In a recent discovery that is sure to dismay many, scientists have found that spiders can hear you from across a room. What makes this even more remarkable, is that they don’t actually have any ears. What they use instead, is their hairy legs.
It had been believed that the tiny hairs on spiders’ legs were only receptive to vibrations arriving through air or solid objects from a few centimetres away. But new research has now shown that their senses are far more acute, and allows them to hear sounds from up to 5 metres away.
Paul Shamble, who led the research at Cornell University in Ithaca, New York, says that the findings are exciting as it upends the belief that spiders rely mainly on sight and touch to navigate the world around them.
Shamble and his colleagues made the discovery partly by chance. They had set out to study how a type of jumping spider, Phidippus audax, processes visual information, only for the sound of a moving chair to change the direction of their research.
The team was using microelectrodes implanted in the spiders’ brains to monitor neuron activity when they noticed that the spiders were responding to the sounds of scraping chairs from several metres away.

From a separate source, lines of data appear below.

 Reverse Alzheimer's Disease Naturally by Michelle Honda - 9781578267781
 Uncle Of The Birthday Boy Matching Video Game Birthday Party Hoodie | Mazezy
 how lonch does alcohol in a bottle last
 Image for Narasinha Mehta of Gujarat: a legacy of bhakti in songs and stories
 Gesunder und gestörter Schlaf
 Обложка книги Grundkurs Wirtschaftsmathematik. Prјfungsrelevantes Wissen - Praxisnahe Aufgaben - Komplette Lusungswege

To even obtain these electrical recordings was quite an achievement. Previously, any attempt to drill a hole into a spider to record brain activity had caused the creature to explode. This is because spiders are filled with highly pressurised liquids that allow their bodies to function like a hydraulic system.
Whilst the thought of exploding spiders may fill many arachnophobes with glee, it would not of been an efficient means of study for the research team.
To prevent this messy end, a tiny hole was made in the spiders’ heads and allowed to self-heal around an electrode as thin as a hair. The researchers could then observe the workings of a brain the size of a poppy seed.
This revealed that the spiders were most responsive to low-frequency sounds of around 80 to 400 hertz, which is about the pitch of a deep male voice. This corresponds with the wingbeat frequency of parasitoid wasps and flies that prey on the jumping spider.
The deformations on the tiny hairs that register the sounds are found on all spiders, so researchers believe it will be a common trait.
Having already begun testing on other species, Shamble’s colleague, Gill Menda has even tried the experiment outside of the laboratory. “When I see spiders at my house or anywhere else, I find myself trying different tones to see if they respond, and sometimes they do.”
Why not try the experiment at home? There’s probably no better time to try and communicate with spiders than Halloween.